Those in Woodland Hills who have assets they would like to be managed for the benefit of others may find a trust to be an effective tool at doing so. The same may be said for people who wish to use their personal assets to benefit a favorite charity. Those who would like their trust's property to do both may be able to do so through a split-interest trust. The Internal Revenue Service defines a split-interest trust as one for which a portion was allowed a charitable deduction, while the remainder may be subject to the same tax requirements as a private foundation.
In simpler terms, with a split-interest trust, one can pass a portion of his or her wealth to a beneficiary while also contributing to a charitable organization. Such trusts are set up using one of two different payment methods. The first is a charitable lead trust, which pays income to a charity for certain period of time, and then sees the remainder interest pass to its beneficiaries. A charitable remainder trust, on the other hand, follows the exact opposite payment method.

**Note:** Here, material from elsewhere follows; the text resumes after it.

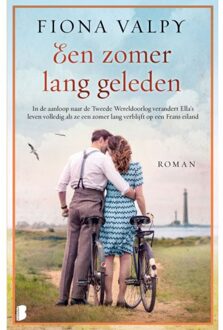 Een Zomer Lang Geleden - Fiona Valpy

According to the California Probate Code, trustees of split-interest trusts are prohibited from engaging in any of the following activities as they are defined by the Internal Revenue Code:
- Engaging in self-dealing
- Retaining excessive business holdings
- Making investments that would makes trust property subject to tax+
- Making taxable expenditures
In terms of taxes, the beneficiaries are able to bypass the federal estate tax when they inherit assets from charitable lead trust. The trust donor, however, may have to pay tax on contributions meant specifically for beneficiaries. With a charitable remainder trust, beneficiaries do have to pay tax on their income dispersals.